Geoeconomic fragmentation is costing the global economy between $213 billion and $307 billion every year, a World Economic Forum report said [1].
This trend signals a shift away from global integration toward fragmented trade blocs. Such a transition threatens to destabilize international markets and disproportionately harm lower-income nations that rely on open trade for growth.
The report, released June 5, 2026, in Geneva, Switzerland, highlights how increasing geopolitical tensions are driving the current trend [1]. These tensions lead to higher trade barriers and a reduction in cross-border economic integration, which in turn increases costs for businesses and consumers [1], [3].

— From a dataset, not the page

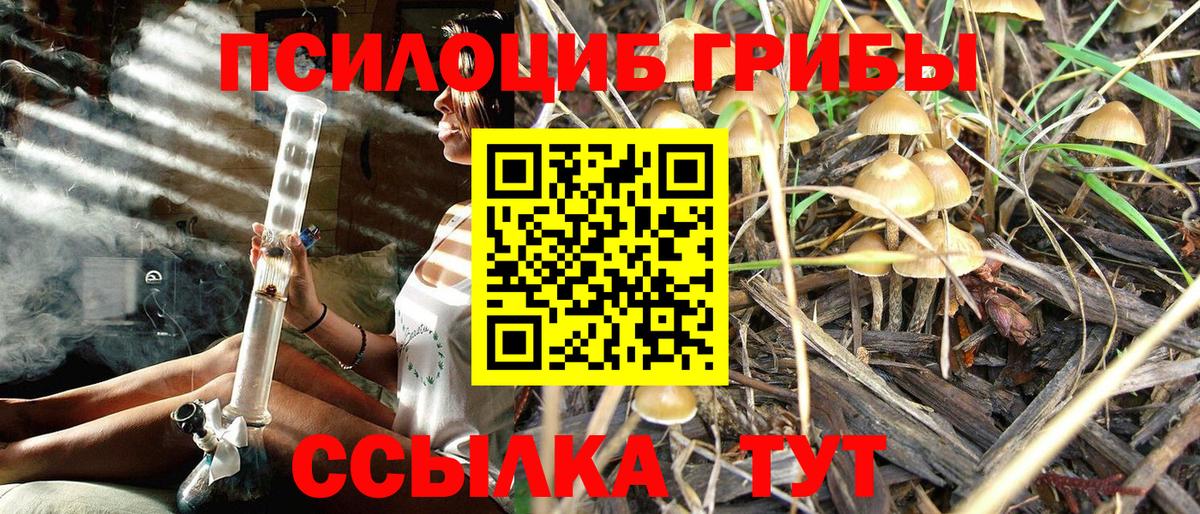 Псилоцибиновые грибы MAGIC MUSHROOMS  Вход с VPN  что такое наркотик  Люберцы 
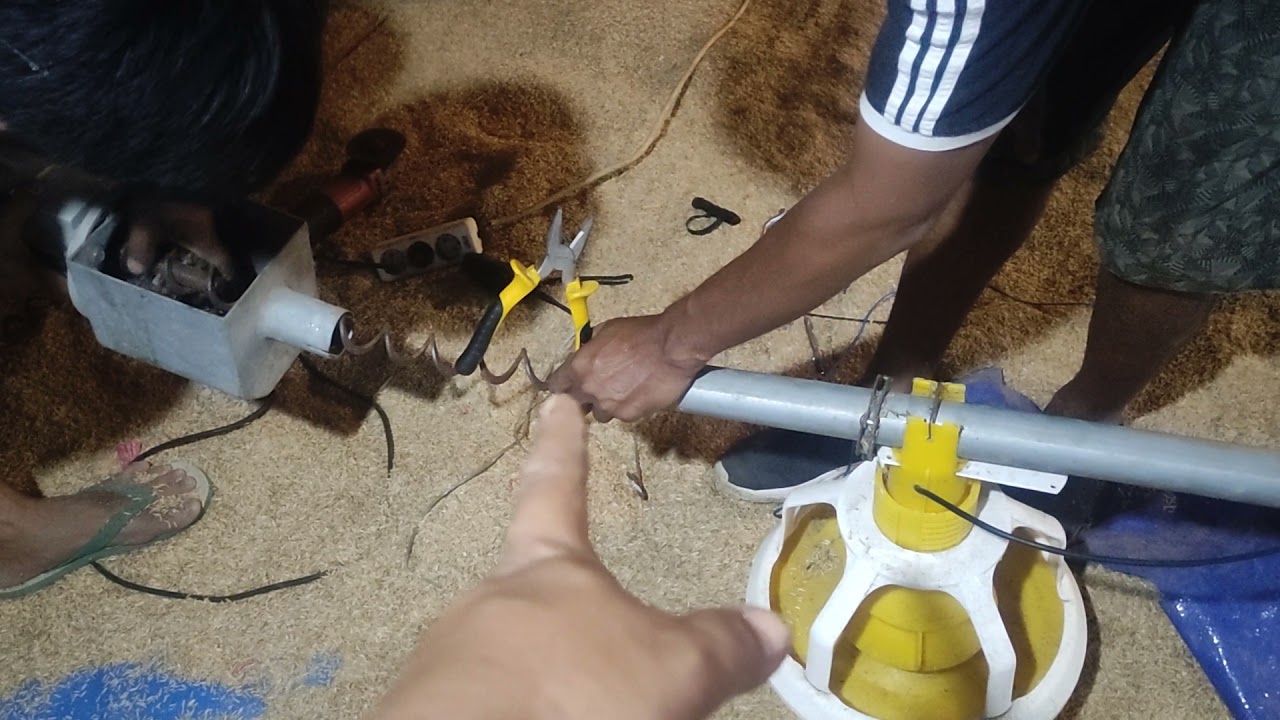 mumetnya service pakan otomatis bekas kandang rubuh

While the total global cost is significant, the impact is not distributed evenly. The World Economic Forum said that developing economies face the steepest risks, with potential output losses reaching up to 10.7 percent [2]. This loss reflects the vulnerability of these nations to shifts in global supply chains and the loss of market access.
Other summaries of the findings describe the annual cost as almost $200 billion to $300 billion [3]. The disparity in these figures stems from different reporting summaries, though the primary data emphasizes the higher range of $213 billion to $307 billion [1].
Fragmentation occurs when countries prioritize security and political alignment over economic efficiency. This process often manifests as tariffs, export restrictions, and the decoupling of critical technologies — moves that the report said are eroding the foundations of global commerce [1], [3].
“Geoeconomic fragmentation is costing the global economy between $213 billion and $307 billion every year.”
The findings suggest a transition from a globalized economy to a 'multipolar' trade system. This shift implies that political loyalty and national security are now outweighing the traditional economic logic of comparative advantage. For developing nations, this creates a precarious environment where they may be forced to choose between competing trade blocs, potentially stalling industrialization and increasing poverty levels due to lost output.